Hrb is required for efficient ICN1-induced leukemogenesis. Since Hrb is a direct transcriptional target of Notch and Notch activation cooperates with CBP loss to accelerate lymphomagenesis, we asked whether Hrb participates in Notch-induced tumorigenesis using a well-characterized BM transduction and transplantation model (18). Hrb–/– and littermate control mice were treated with 5-FU to enrich for hematopoietic stem cells, which were transduced with control virus (MigR1) or ICN1-expressing retrovirus. Equal transduction efficiencies were verified by flow cytometric detection of GFP (Figure 4A) and semiquantitative RT-PCR of ICN1 mRNA (data not shown). Transduced BM cells were transferred to lethally irradiated wild-type recipients, which were then observed for onset of T-ALL over the next several months. These experiments revealed a clear requirement for Hrb in efficient ICN1-induced leukemogenesis (Figure 4B). The median survival of mice receiving Hrb+/+ ICN1–transduced BM was 27.5 days after BM transplant (BMT). Median survival of mice receiving Hrb–/– ICN1–transduced BM was approximately 2-fold longer at 54.0 days after transplant (P < 0.0001 by Mantel-Cox log rank analysis). Mice that received control retrovirus-transduced BM cells of either WT or Hrb–/– genotype did not develop leukemia and had normal engraftment and survival. Analysis of the peripheral blood from transplant recipients 15 days after BMT revealed an accumulation of GFP+ DP cells in both Hrb+/+ ICN1 and Hrb–/– ICN1 recipients (Figure 4C). Additionally, splenocyte (Figure 4D) and BM (Figure 4E) analyses performed 26 days after BMT also showed an equal accumulation of GFP+ DP cells in both Hrb+/+ and Hrb–/– ICN1–transduced BM recipients. Thus, we do not suspect that the significant delay in development of T-ALL in Hrb–/– cells was a result of failed engraftment. BM isolated from Hrb–/– ICN1 transplants did show reduced numbers of GFP+ cells and an increased percentage of GFP+CD8+ SP cells (Supplemental Figure 5).

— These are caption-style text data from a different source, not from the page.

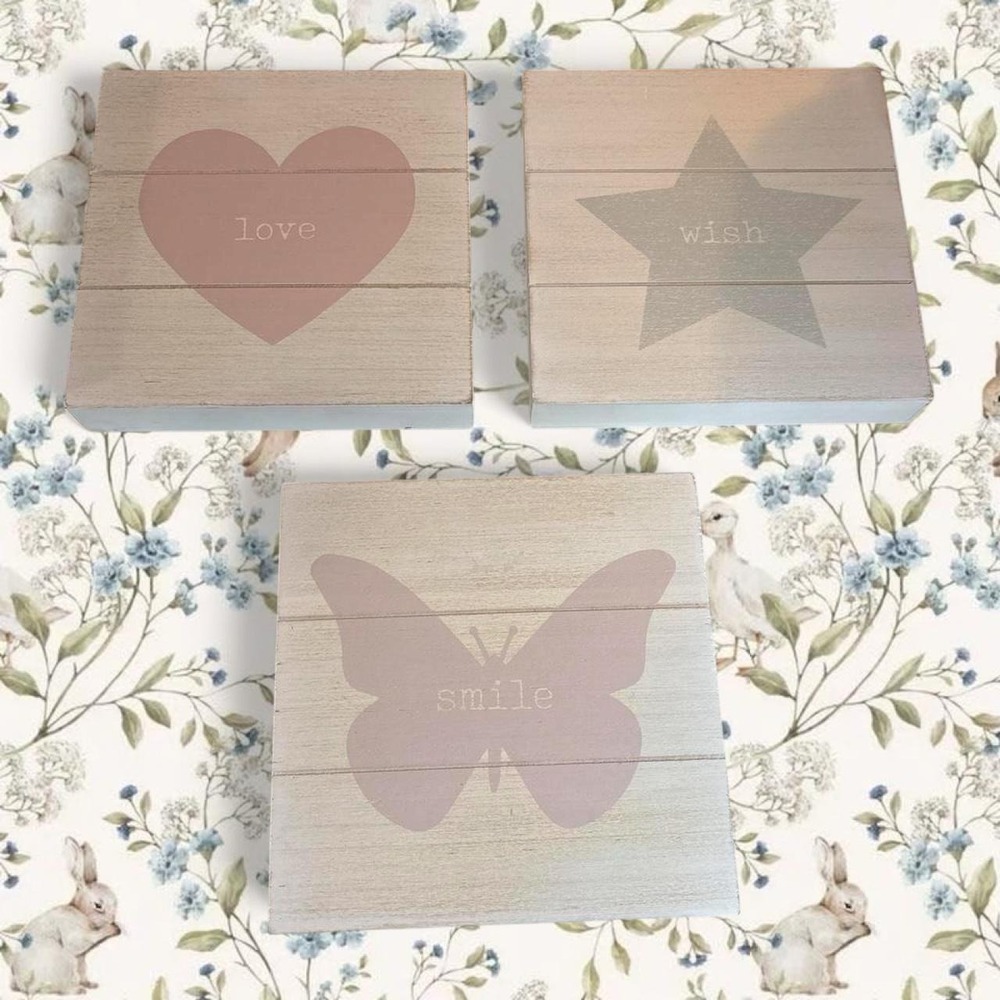 Pink and white wooden nursery plaques with cute designs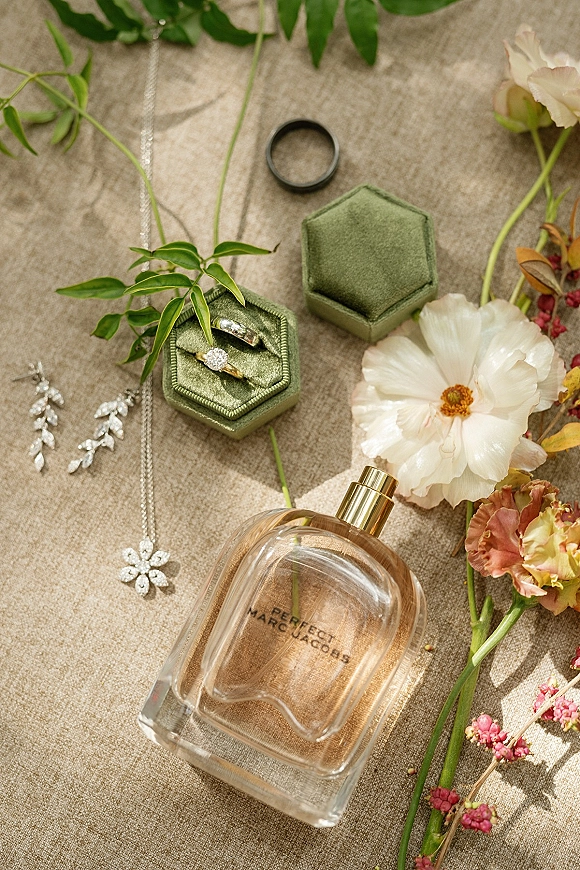 Wedding rings in a green velvet ring box with engagement ring flat lay on linen, surrounded by bridal jewelry, perfume, and greenery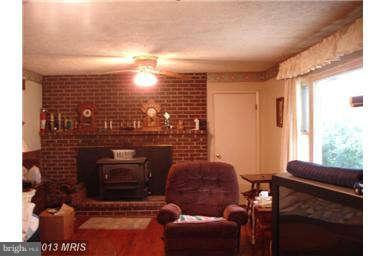 394 Morgan Ford Road Front Royal, VA 22630 - Photo 4 of 10 a living room with furniture a window and a fireplace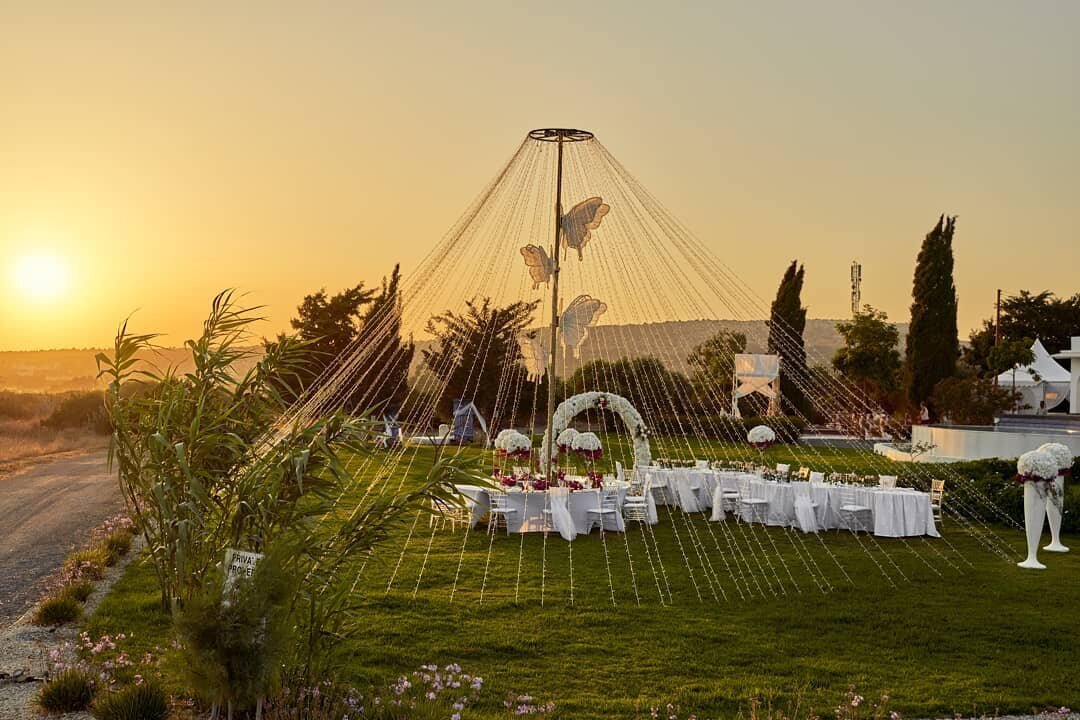 A tall fairy light curtain reaches high into the sky surounding a banqueting table at sunset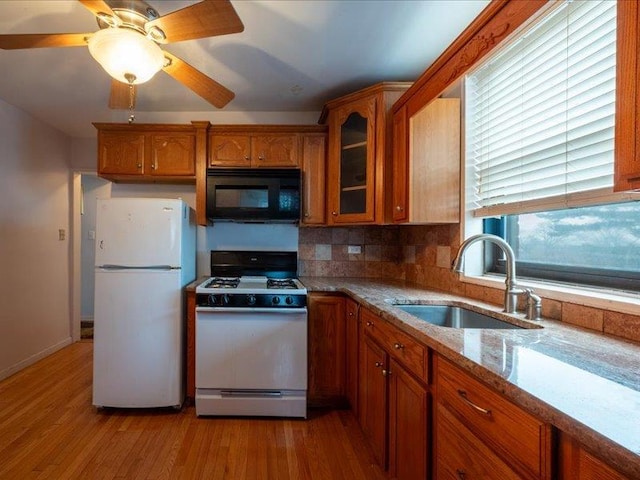 kitchen with white appliances, backsplash, sink, ceiling fan, and light stone counters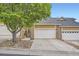 Charming townhome featuring a two-car garage and stone accents at 6727 W Yale Ave, Lakewood, CO 80227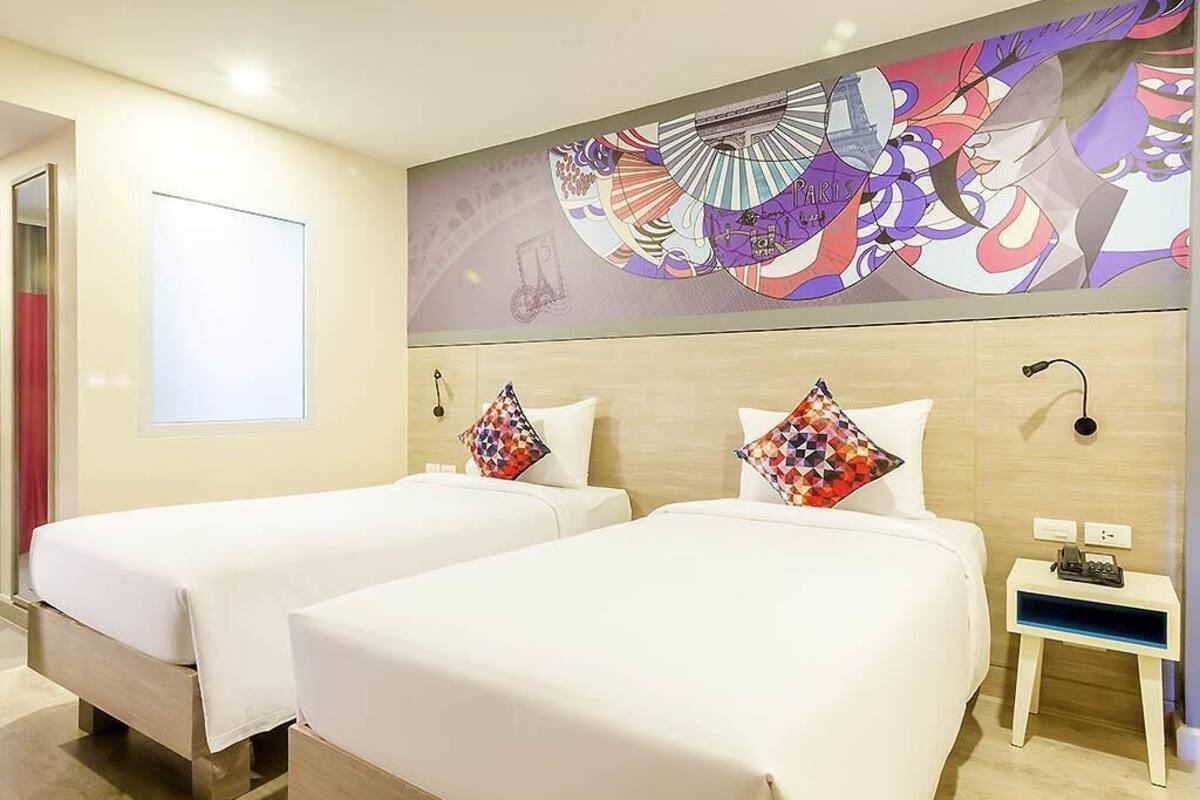 A hotel room with two beds, a nightstand, and a large abstract painting on the wall.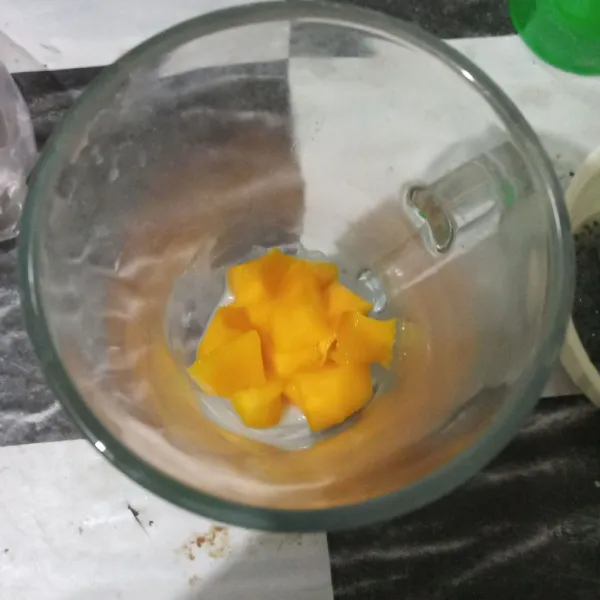 Potong mangga menjadi bentuk dadu kecil lalu masukkan ke dalam gelas.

Hrb is required for efficient ICN1-induced leukemogenesis.Figure 4

Hrb is required for efficient ICN1-induced leukemogenesis. (A) Analysis of GFP expression in Hrb+/+ and Hrb–/– BM after transduction with ICN1-expressing retrovirus and before transplantation into lethally irradiated recipients. Numbers in each GFP histogram refer to the GFP-positive percentage. (B) Kaplan-Meier survival curve of mice receiving Hrb+/+ ICN1–transduced BM (n = 10), Hrb–/– ICN1–transduced BM (n = 13), Hrb+/+ MigR1–transduced BM (n = 4), and Hrb–/– MigR1–transduced BM (n = 4). Statistical significance was established using the Mantel-Cox log rank analysis and showed a significant increase in survival in mice receiving Hrb–/– ICN1–transduced BM (P < 0.0001). Median time of survival after BMT for mice receiving Hrb+/+ ICN1–transduced BM was 27.5 days. Median time of survival after BMT for mice receiving Hrb–/– ICN1–transduced BM was 54 days. Mice receiving MigR1-transduced BM did not succumb to disease. (C) GFP analysis and CD4+CD8+ surface staining of peripheral blood cells isolated 15 days after BMT from mice receiving Hrb+/+ and Hrb–/– MigR1– and ICN1–transduced BM cells. (DE) GFP analysis and CD4+CD8+ surface staining of splenocytes (D) and BM cells (E) isolated from mice receiving Hrb+/+ and Hrb–/– ICN1–transduced BM cells. Numbers in GFP histograms refer to the percentage of GFP-positive cells. Numbers in each dot plot refer to the percentages in each quadrant.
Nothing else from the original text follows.